Aaron Jones: Good teams don't lose two in a row


We're less than 24 hours removed from the conclusion of Week 12 and in hindsight, it already has the feel of a momentous grouping of results.

In college football, sometimes they refer to such a weekend as "Separation Saturday," but the NFL's separation -- however minor it may be -- started Thursday, when the Houston Texans outlasted the Indianapolis Colts to take a one-game lead in the AFC South and split their season series. We saw more separation Monday night when the Ravens, a favorite to win the AFC, destroyed the defending NFC champion Rams.

None might have been more emphatic, though, than the San Francisco 49ers' dominance over the Green Bay Packers.

Sticking to their winning formula, the 49ers harassed Aaron Rodgers all night, choking the Packers' offensive attack before it could ever get going. Meanwhile, San Francisco's offense racked up the points, taking a 23-0 lead into the half and never looking back.

The win felt like San Francisco's most emphatic expression of its potential in 2019. Sure, it had dominated others, but two weeks after its first loss of the season in a wild overtime thriller to division rival Seattle, the Niners need a legitimate bounce-back performance (against a team not named Arizona). It was that and then some against another NFC favorite that looked anything but a favorite.
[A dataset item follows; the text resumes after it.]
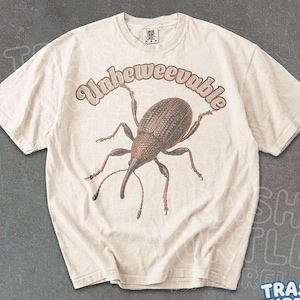 May include: A natural ivory short-sleeve t-shirt featuring a brown, detailed illustration of a weevil insect centered on the chest. Above the insect, the text "Unbeweevable" is printed in a curved, brown, retro-style font on the fabric.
The key for that team, Packers running back Aaron Jones said Monday, is to keep such a disheartening loss from happening again.

"We just keep with the mindset good teams don't lose two in a row," Jones said during a Monday appearance on USA Today Network-Wisconsin's live weekly show "Clubhouse Live". "We haven't done that all year, so we're going to keep that mindset. We feel like we're a pretty good team. Just go back to work."

Jones has been a do-everything dynamo for Green Bay in 2019, serving as a fully unlocked weapon for a Packers' offense that frequently overlooked him in previous campaigns under since-ousted sideline leadership. He went for three scores and just under 100 yards on the ground in Week 11, but his effectiveness was limited Sunday night in part because the Packers quickly found themselves trying to dig out of a hole on the road. That hole only grew deeper by halftime, severely limiting their offensive potential under Matt LaFleur and ultimately leading to an ugly result.

"They just beat us. They're a great team, and we didn't come ready to play," Jones said of San Francisco. "We didn't play like ourselves, and that's what happens when you don't come ready to play."

With a new week comes a new opportunity, though, and the road opens up for the 8-3 Packers. Of its final five games left, four are against teams with sub-.500 records: New York Giants, Washington, Chicago and Detroit.

One massive contest looms, though, in the unfriendly confines of U.S. Bank Stadium. Tied atop the NFC North after 12 weeks, the division could come down to Green Bay's Week 16 meeting with Minnesota in Minneapolis.